ACTIVITY » Could you repeat exactly the lines from the one containing "杭州 拱墅 | 杭州商学院宿舍-南区_5" through the last line of the records, with no pictures?

DATA FOR PROCESSING »
-- -- --

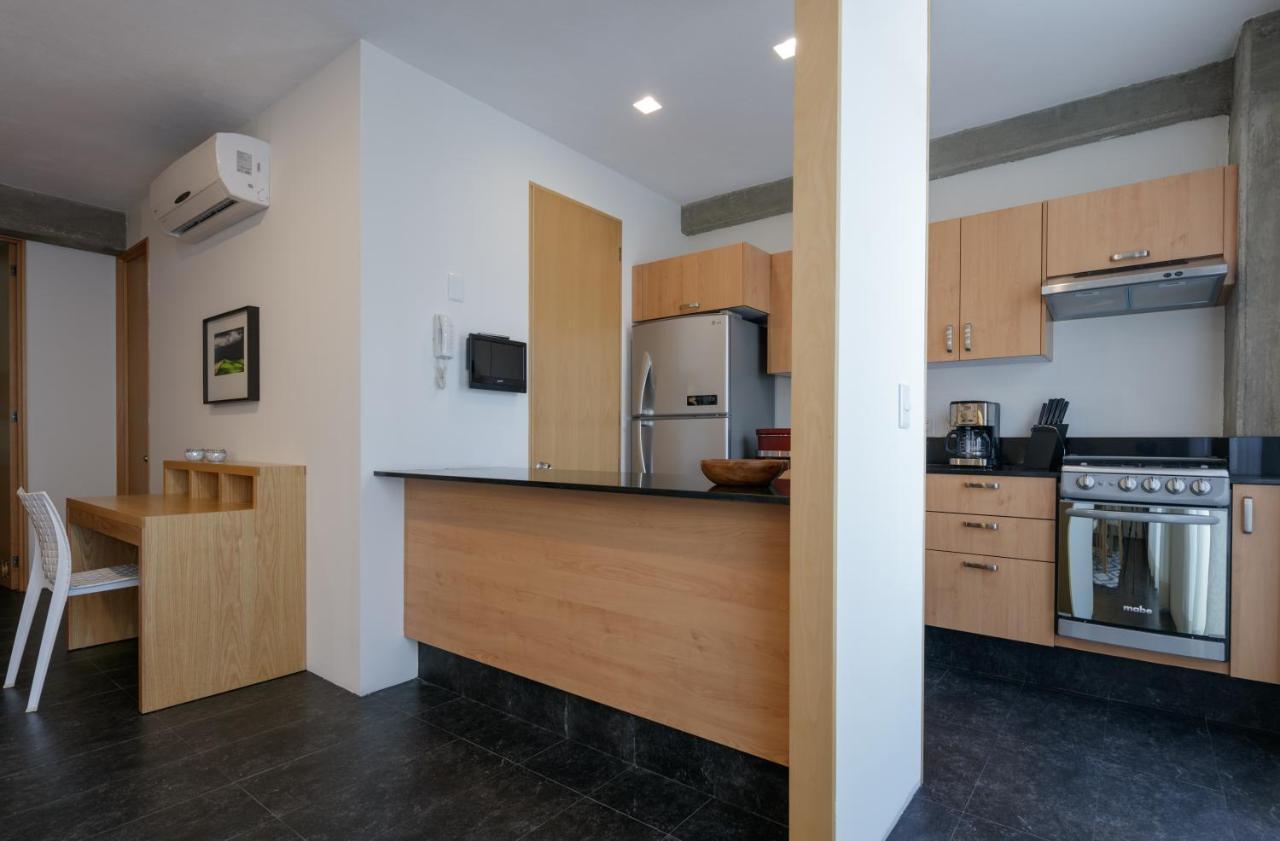Apartamentos Buenos Aires Guadalajara Exteriör bild
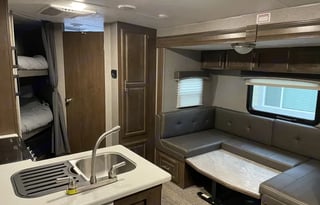 2020 Forest River RV Rockwood Mini Lite 2509S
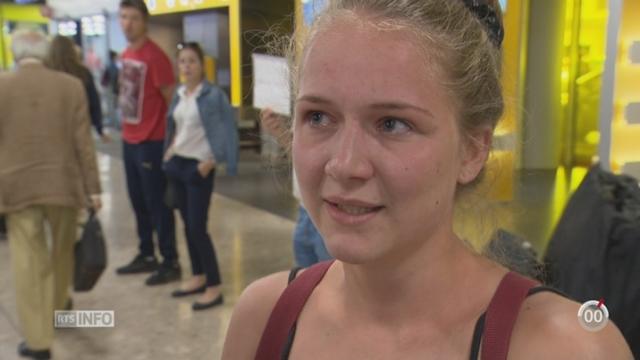 Attentat de Nice: une Suissesse témoigne après avoir vécu le drame de près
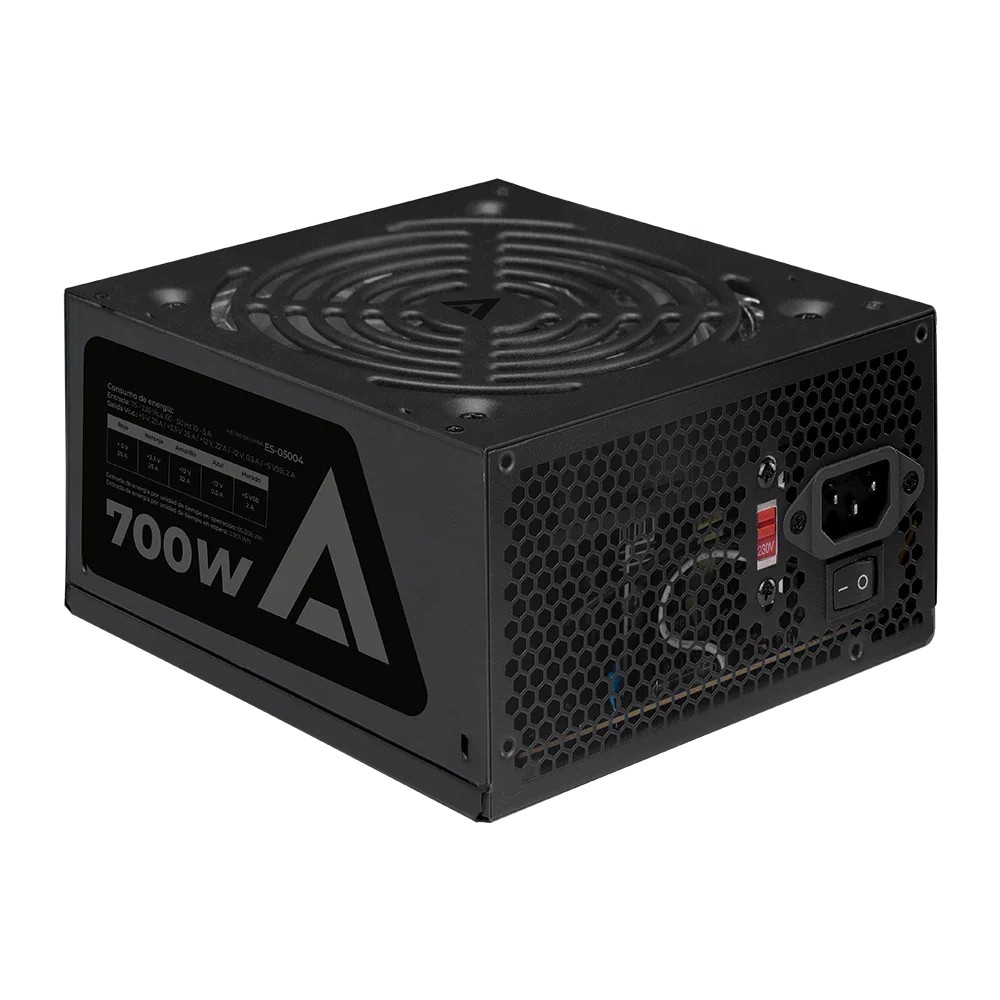 FUENTE DE PODER ATX 700W ACTECK  BLAZAR FT700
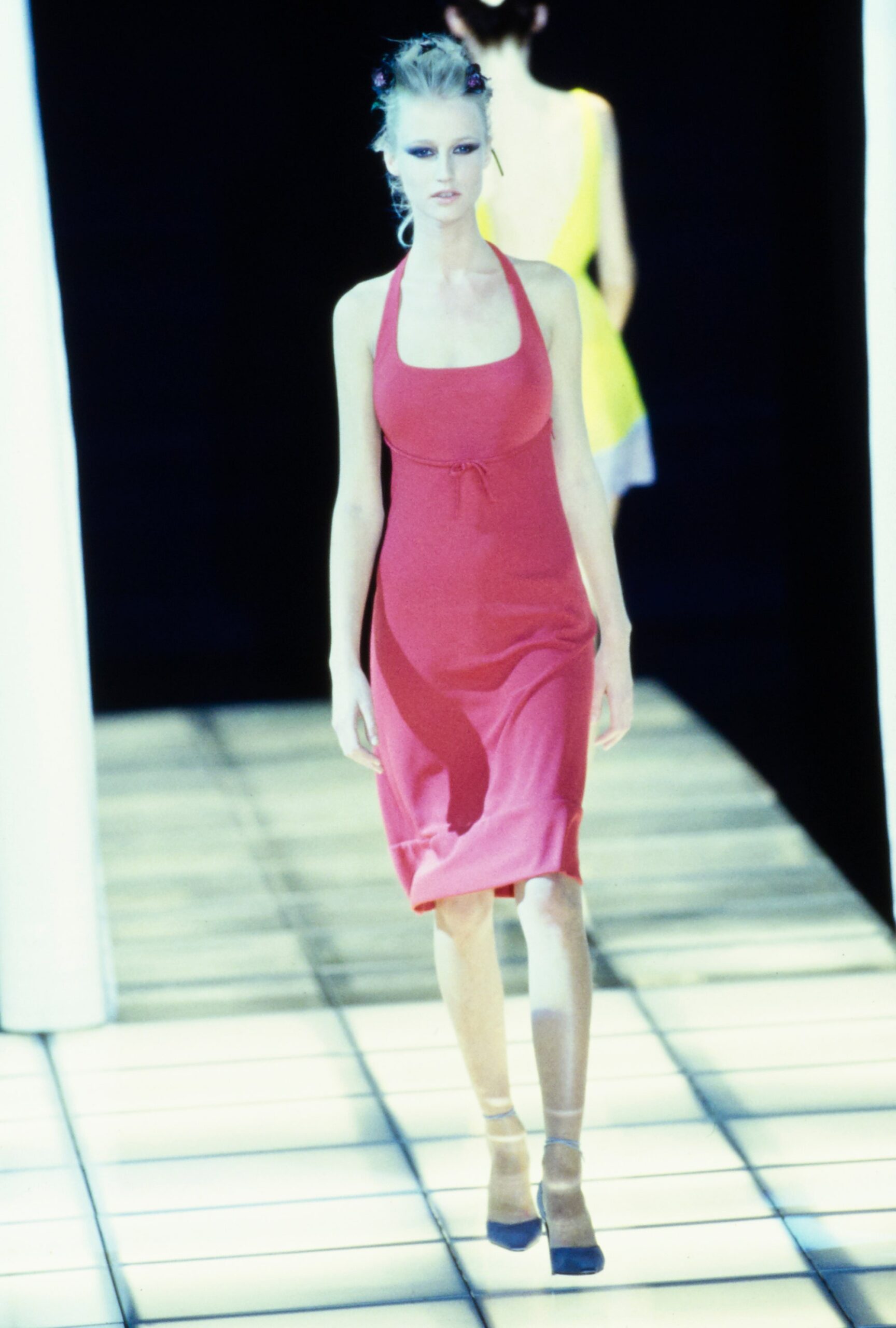 Versace S/S 97 Look 61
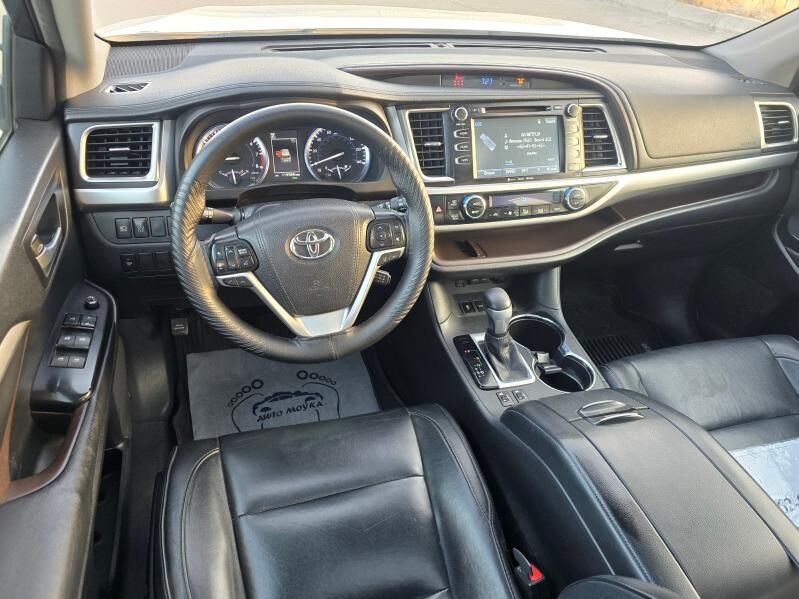 Toyota Highlander 2017 - 445 000 TMT - Ашхабад - img 5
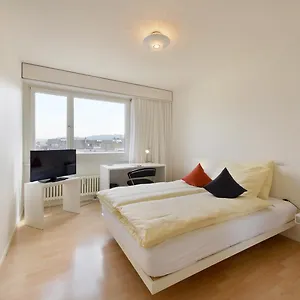 Apaliving - Budgethotel 2*, Bâle Suisse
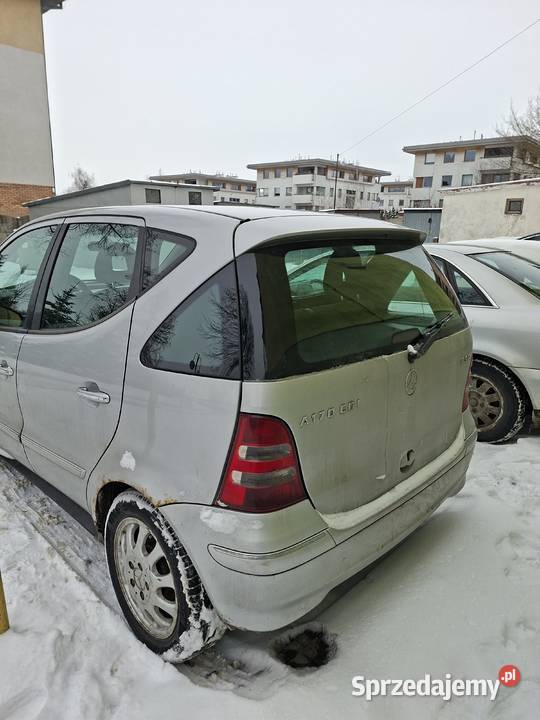 Sprzedam Klasa A Mercedes-Benz sprzedam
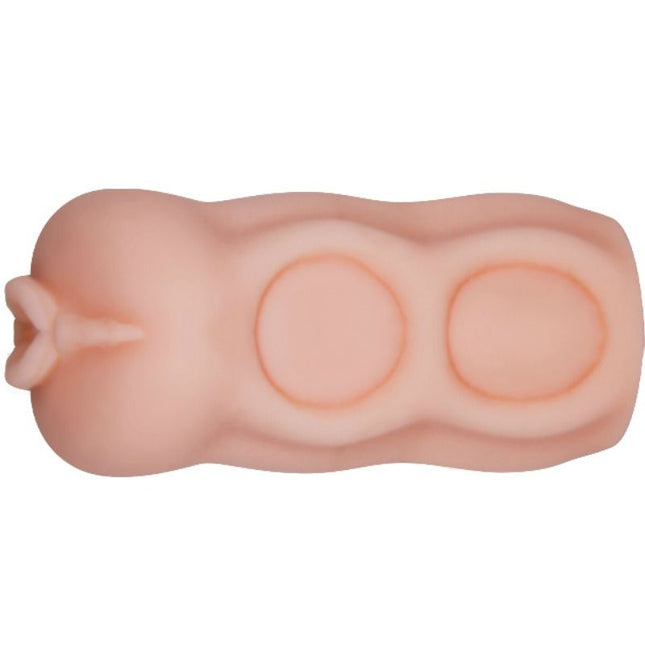 CRAZY BULL - MASTURBATEUR VAGIN LILLIAN 13 CM - Concombre Boutique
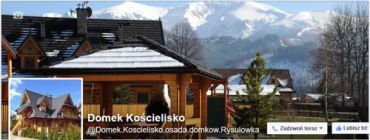 Domek Kościelisko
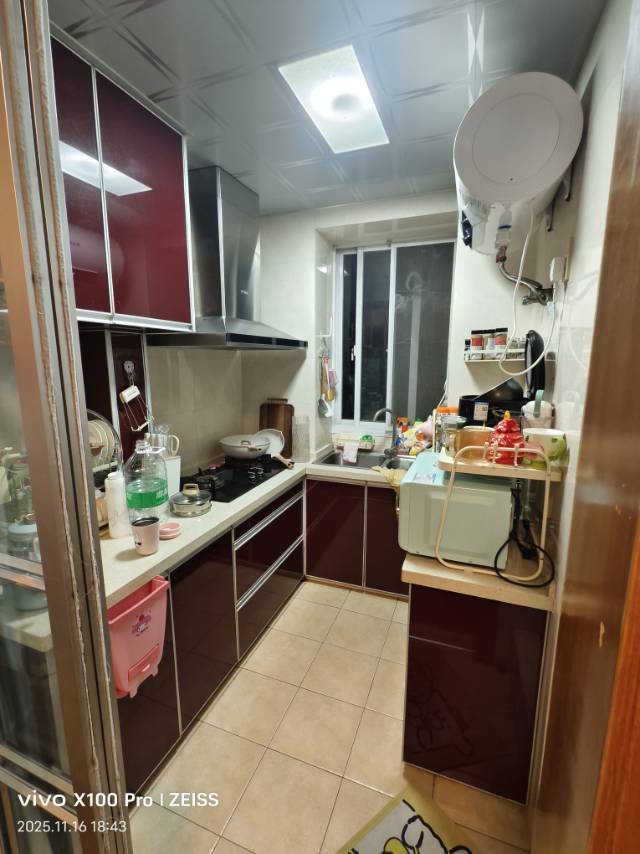 杭州 拱墅 | 杭州商学院宿舍-南区_5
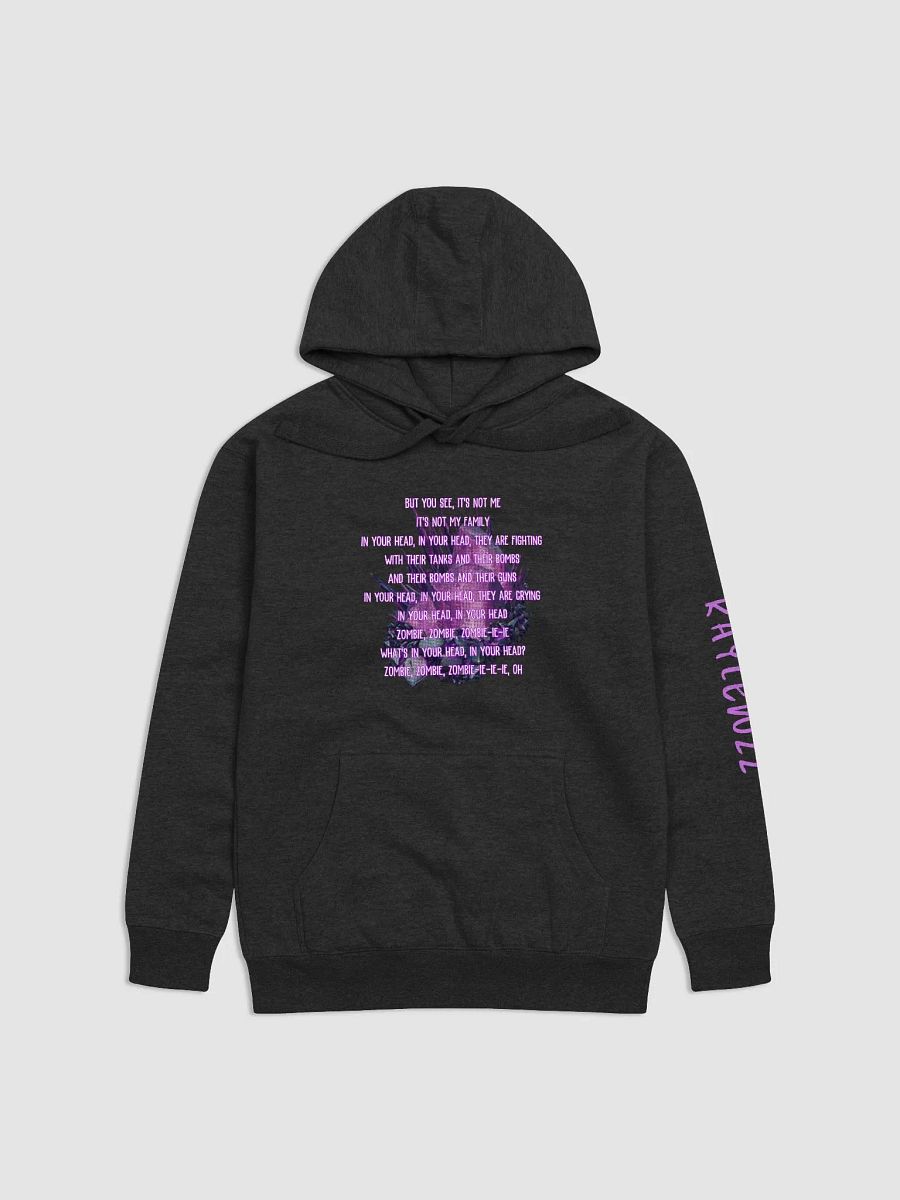 ZOMBIE HOODIE product image (1)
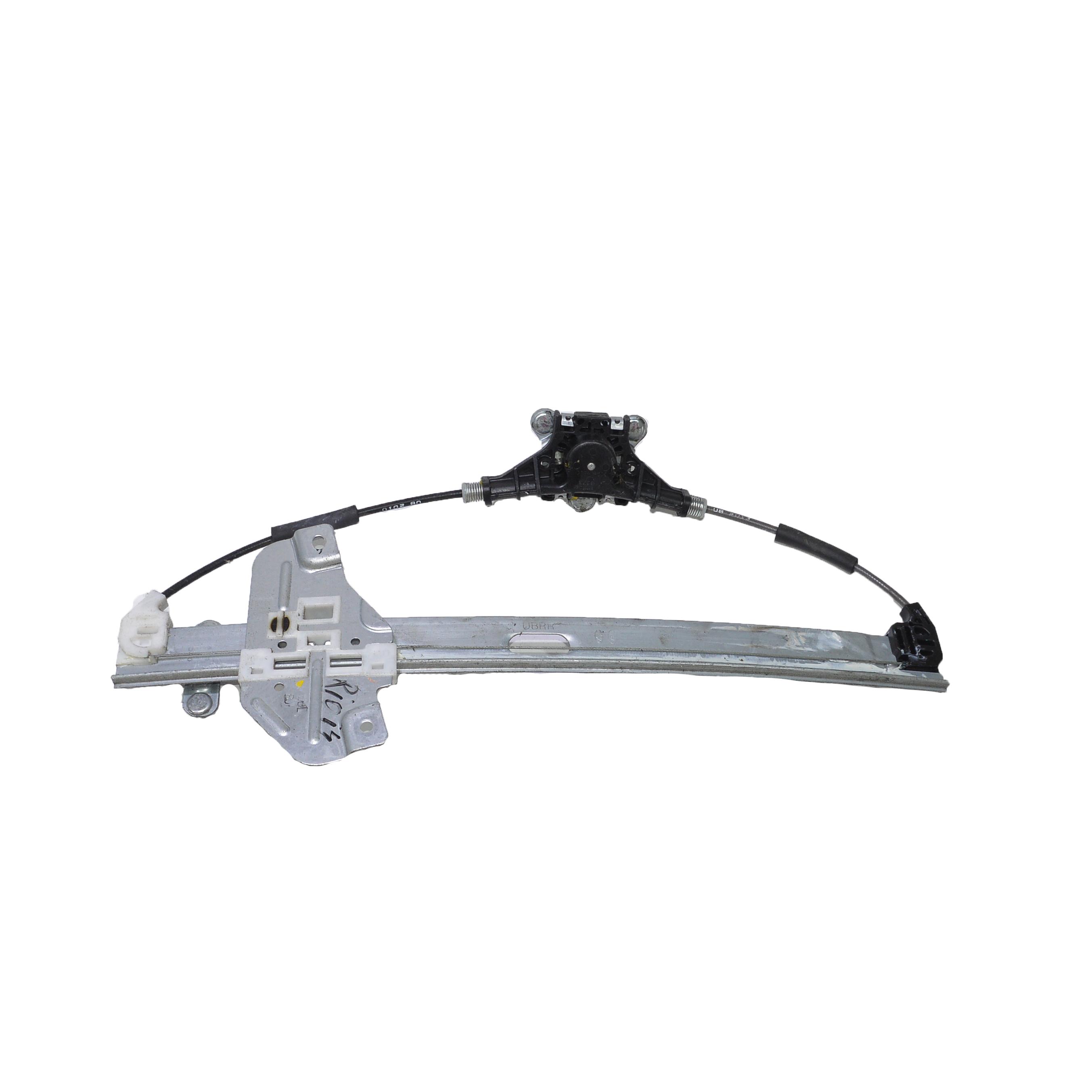 Заден ляв механичен стъклоповдигач Kia Rio 1.1 CRDI 75 конски сили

-- -- --

TASK RESPONSE »
 杭州 拱墅 | 杭州商学院宿舍-南区_5
 ZOMBIE HOODIE product image (1)
 Заден ляв механичен стъклоповдигач Kia Rio 1.1 CRDI 75 конски сили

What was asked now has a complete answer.